Boffins build acme e-paper screen
Scientists at the University of Cincinnati have come up with what they claim is the acme of mobile display technology: a screen that's cheap, able to present content clearly even in bright sunlight, able to retain an image even when there's no power and yet, unlike e-ink screens, can refresh quickly enough to play video. And, …
Boffintastic
Always amazes me how people come up with this stuff, and then find ways of making it.
Well done Boffins!
Almost
"...and then find ways of making it."
That has yet to be. Compared to mass production, prototyping's a breeze. These capabilities have been promised by someone pretty much every year since I can remember, so I'm not holding my breath.
Late to the game
Mirasol is going to offer a reflective, colour, bistable, video refresh rate display in devices appearing Q1 2011. They're already ramping up production of the display in their factory.
http://www.mirasoldisplays.com/
The trouble with acme-epaper
is that it is certain somehow find a way to almost fatally injure Wile E Coyote.
I can see some ways.
1. An Acme Paper device starts going spastic, giving off weird colors and such. Wile E. goes hypno, wanders aimlessly off a cliff, finally snaps out of it...going down!
2. Gets an Acme Paper How-To Book (have to keep up with the times). He ends up on the wrong page, turns the wrong screw, and SPLAT!
3. Make one big enough, and it becomes a substitute for the ol' painted canvas. And we all know the classic hi-jinks you can have with fake scenery. Now imagine one that decides to keep changing on its own.
well
I'm impressed. I can imagine that ebook battery life would be improved a hell of a lot.
Not sure if ideal for TVs?
Unless I'm missing something, this will only really work well in well lit environments? Similar to e-ink? So to replace an LCD screen, it would need some sort of light source, surely, otherwise contrast levels would be terrible in a dimly lit (i.e. movie night!) room.
Perhaps a merge of the two techs, so flicking between a backlit environment in the dark, and non in the light - hah, have fun sorting that one!!
Great bit of innovation though, reckon in handheld devices there are a lot of applications.
Prior art from Etch-a-Sketch
Can you reset it by holding it above your head and shaking it?
http://pics.livejournal.com/allah_sulu/pic/0002f3h8/g13
didn't a UK company/university already do this?
I seem to remember seeing a video about 6 months ago showing just this same idea, but in colour and up to 60fps video....
RE: didn't a UK company/university already do this?
it was a Dutch company
http://news.bbc.co.uk/2/hi/programmes/click_online/8610962.stm
Another benefit over LCD:
A lot less toxic if cracked open!
Science?
"...it creates a reflected ray of coloured light which combines with literally millions of ambient light rays to produce a full-color display," the scientists say.

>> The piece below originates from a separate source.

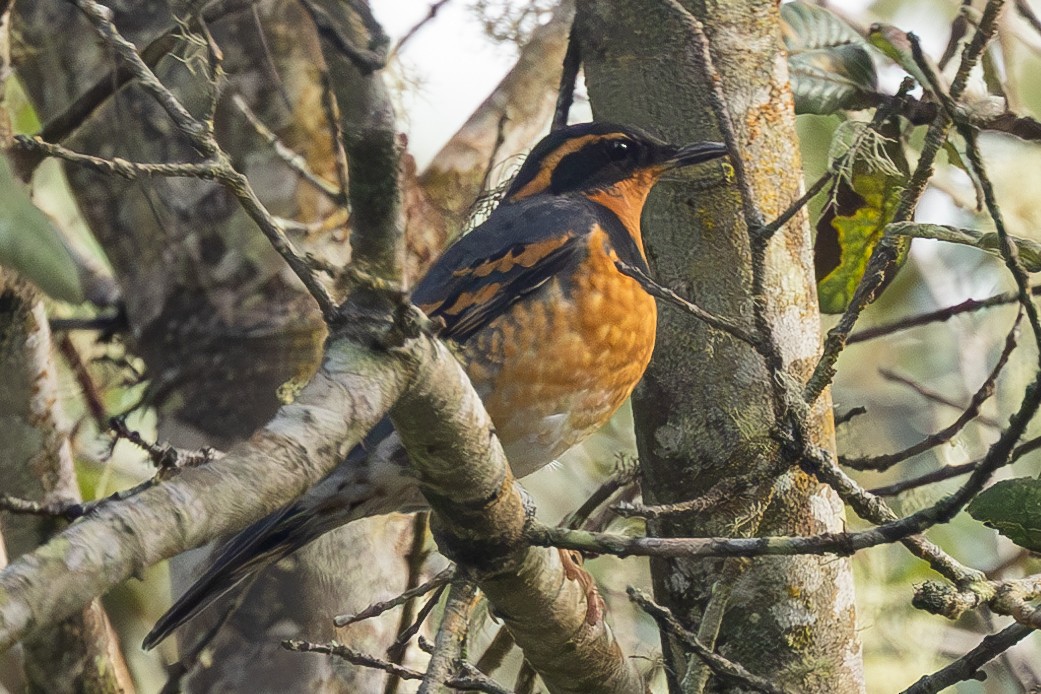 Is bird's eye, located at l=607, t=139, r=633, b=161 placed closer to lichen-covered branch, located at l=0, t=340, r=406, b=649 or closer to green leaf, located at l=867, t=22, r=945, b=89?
green leaf, located at l=867, t=22, r=945, b=89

All this from a single coloured pigment? That doesn't sound like a scientific statement. It sounds like a marketing droid trying to explain the 'science' of something. Is the display claimed to be 'full-colour' at this stage?
Thse developments could generate for cash strapped universities
Providing Jobs doesn't claim prior art developments such as these can generate a good cash flow for the universities involved.

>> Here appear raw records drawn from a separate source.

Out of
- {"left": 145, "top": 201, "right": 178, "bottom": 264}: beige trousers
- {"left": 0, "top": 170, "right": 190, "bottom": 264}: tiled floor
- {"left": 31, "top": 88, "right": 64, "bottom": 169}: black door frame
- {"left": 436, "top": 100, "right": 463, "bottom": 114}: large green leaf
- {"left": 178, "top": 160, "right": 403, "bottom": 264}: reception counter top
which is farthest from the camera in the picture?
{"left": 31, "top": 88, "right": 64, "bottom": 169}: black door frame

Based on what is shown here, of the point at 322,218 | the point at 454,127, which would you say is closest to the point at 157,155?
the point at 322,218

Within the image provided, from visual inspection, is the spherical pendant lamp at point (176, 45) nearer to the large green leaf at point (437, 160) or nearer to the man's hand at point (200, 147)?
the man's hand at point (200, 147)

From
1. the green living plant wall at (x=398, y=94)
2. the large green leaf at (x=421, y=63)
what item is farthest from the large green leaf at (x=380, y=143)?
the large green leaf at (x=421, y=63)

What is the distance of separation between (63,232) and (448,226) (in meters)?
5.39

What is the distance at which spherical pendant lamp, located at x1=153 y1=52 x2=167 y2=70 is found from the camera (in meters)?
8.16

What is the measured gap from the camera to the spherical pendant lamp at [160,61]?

Battery life is the Achilles Heel of smart-phones and messing with call signal criteria to save battery life has already cost one company dearly.

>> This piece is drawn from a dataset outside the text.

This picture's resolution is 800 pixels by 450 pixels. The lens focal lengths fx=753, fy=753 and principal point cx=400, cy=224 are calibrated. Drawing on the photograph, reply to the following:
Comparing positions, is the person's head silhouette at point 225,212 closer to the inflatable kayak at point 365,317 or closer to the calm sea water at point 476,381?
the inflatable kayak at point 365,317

Perhaps edge illumination would solve night viewing.
Isn't it the backlight
that uses all the power in LCD, trying to compete with the sun, doesn't my calculator have a reflective display?
Still has a few problems.
LCDs aren't nearly as transmissive as e-ink (LCD displays don't look as white in the sun). Plus they're polarized, which makes them difficult to see if you happen to be wearing polarized (think driver's anti-glare) glasses.